20th century American judge

Albert L. "Bud" Twesme (May 4, 1914 – June 21, 1995) was an American lawyer and judge from Trempealeau County, Wisconsin. He was county judge of Trempealeau County for 29 years, and was then the first chief judge of the 7th district of Wisconsin circuit courts, serving from 1978 until his retirement in 1983.

==Biography==
Albert L. Twesme was born May 4, 1914, in Galesville, Wisconsin, which would be his primary residence for his entire life. He graduated from Galesville High School in 1932 and went on to attend the University of Wisconsin, graduating from the University of Wisconsin Law School in 1940.

He practiced law in partnership with his father for a short time before the outbreak of World War II. After the attack on Pearl Harbor, he quickly registered for service and was commissioned as an officer in the United States Navy in March 1942. He served as a legal officer aboard the battleship USS Colorado through all of its participation in the Pacific War, seeing battle at Tarawa, Kwajalein, Eniwetok, Saipan, Tinian, Guam, Leyte, Mindoro, Luzon, and Okinawa. At the end of the war, he was present at the Surrender of Japan and then served for about six months with the post-war Occupation of Japan.

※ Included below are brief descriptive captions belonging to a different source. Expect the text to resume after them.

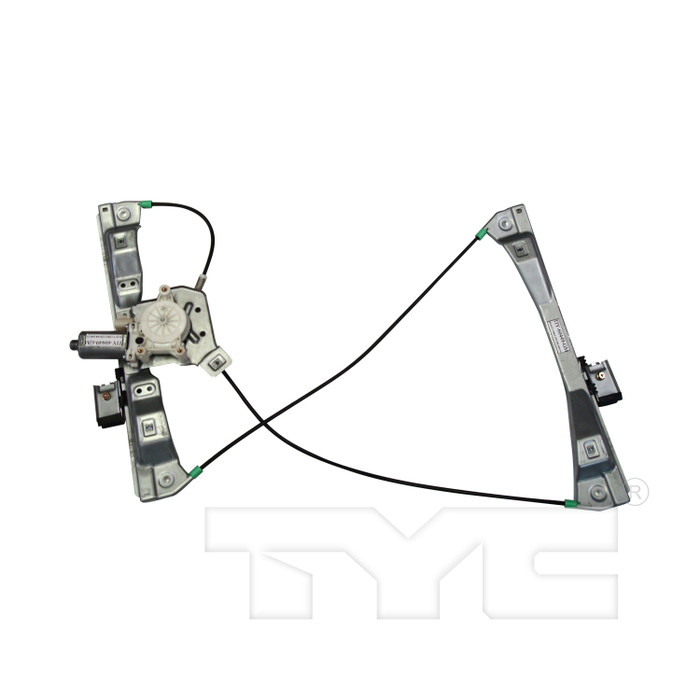 2007 Pontiac G5 Power Window Motor and Regulator Assembly Front Left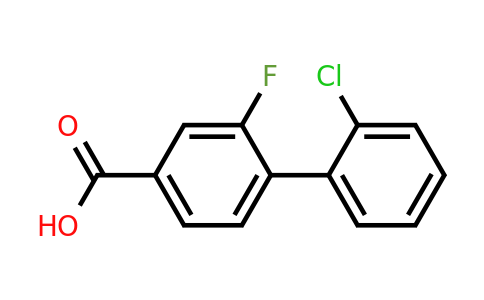 1261933-39-4 | 2'-Chloro-2-fluoro-[1,1'-biphenyl]-4-carboxylic acid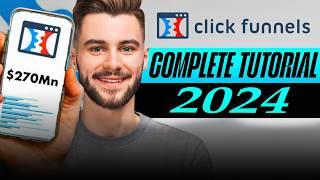 Clickfunnels 2.0 Tutorial for Beginners 2024 (Step By Step)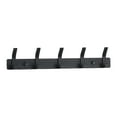 thumbnail image 1 of REGALWOVEN 1 Pack Coat Rack Wall Mount, Metal Coat Hook, Hat Rack, Wall Hooks for Hanging with 5 Hooks for Entryway, Bathroom, Bedroom Black 5, 1 of 7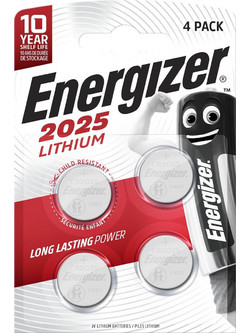 Energizer CR2025 4τμχ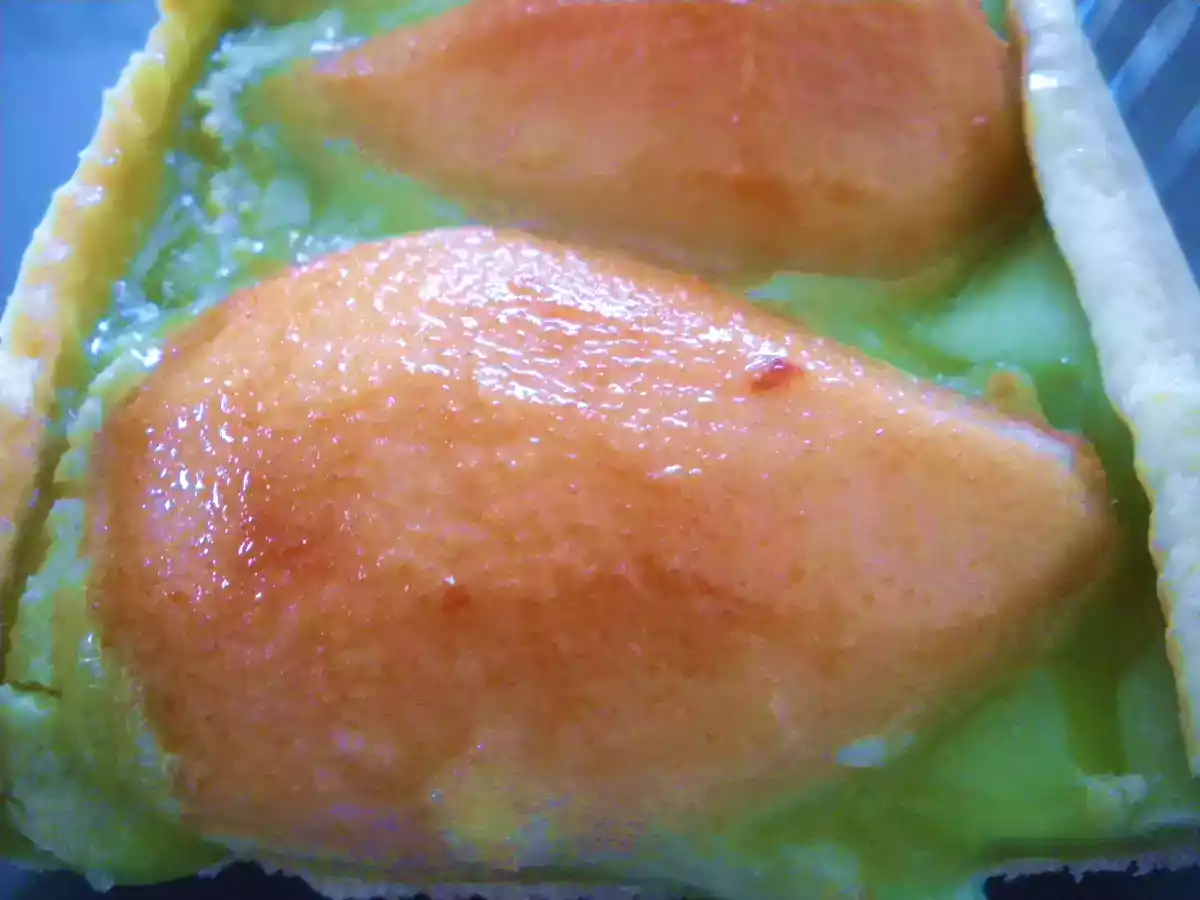 Tarte poire et pate d'amande - photo 2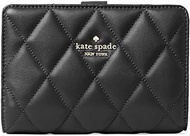 Kate Spade Wallet for Women Carey Wallet in Smooth Quilted Leather, Black, Wallet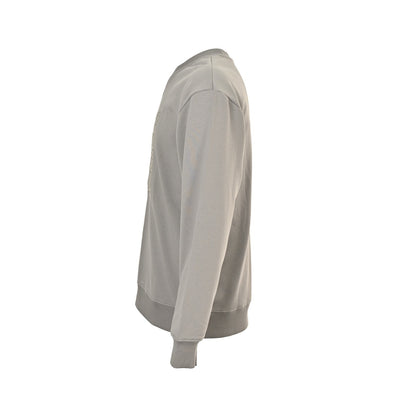 Loewe/Luo Yiwei 25Fw embroidered logo logo round neck sweatshirt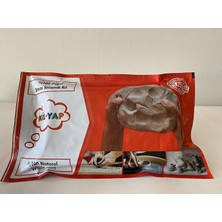 Doğal ve Yerli Seramik Kil Hamuru Beyaz 600 Gr. (Beyaz)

After the war, he returned to the practice of law. His father was appointed county judge in 1946, but died three years later. A few days after his father's death, Governor Oscar Rennebohm appointed him to fill out the remainder of his father's term. Twesme was subsequently elected to a full term as judge, and was then re-elected four times, serving until the office of county judge was abolished in 1978. The 1978 transformation of the Wisconsin court system saw Twesme transitioned to become a Wisconsin circuit judge, and the Wisconsin Supreme Court selected him to serve as chief judge of the tenth district of Wisconsin circuit courts.

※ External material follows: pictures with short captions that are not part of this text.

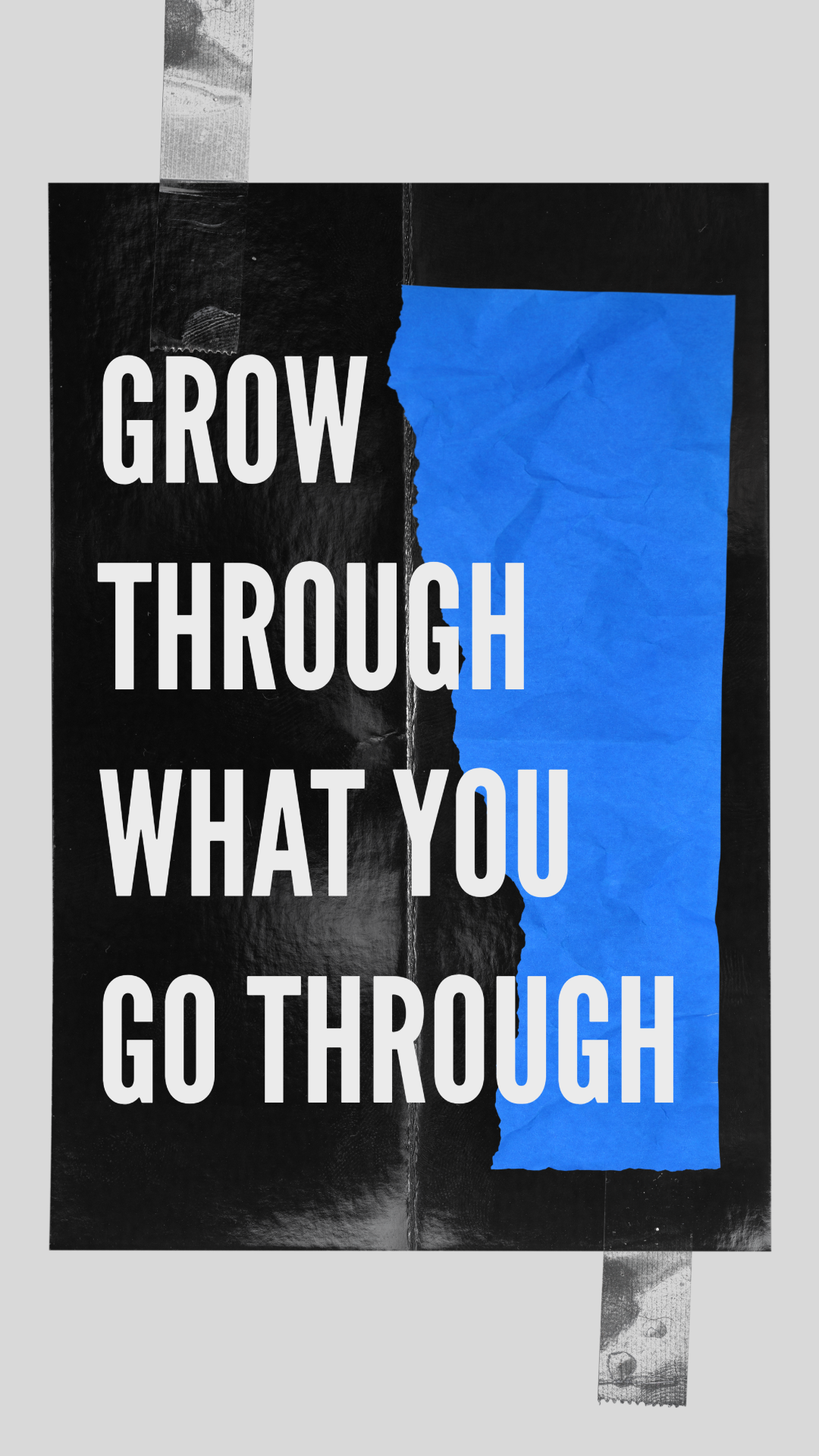 Grey And Blue Motivational Instagram Story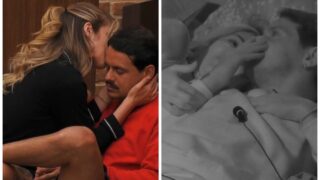 GfVip, ritorno di fiamma tra Renato e Lucia: coccole e baci nella notte, video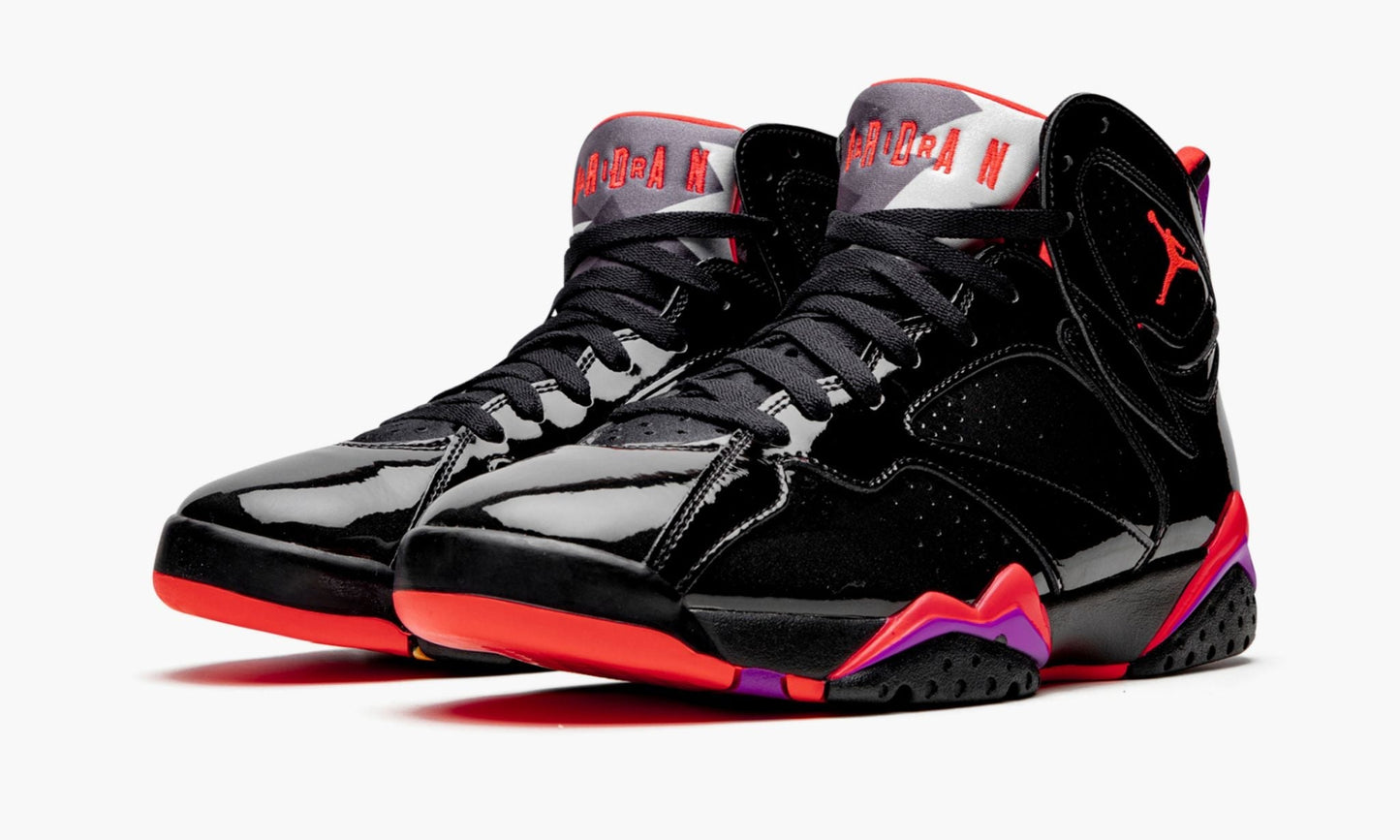 WMNS Air Jordan 7 "Black Patent Leather"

He served about five years as chief judge before announcing his retirement in the Spring of 1983. He ultimately retired in June 1983, but continued to serve as a reserve judge around the state for several years after.

While serving as a judge, he served terms as president of the Wisconsin Board of County Judges, the Wisconsin Board of Criminal Court Judges, the Wisconsin Trial Judges Association, the Juvenile Court Judges Association, and the Tri-County Bar Association. He served as a faculty advisor to the National Judicial College and served as a significant contributor to the Wisconsin Uniform Jury Instruction Book.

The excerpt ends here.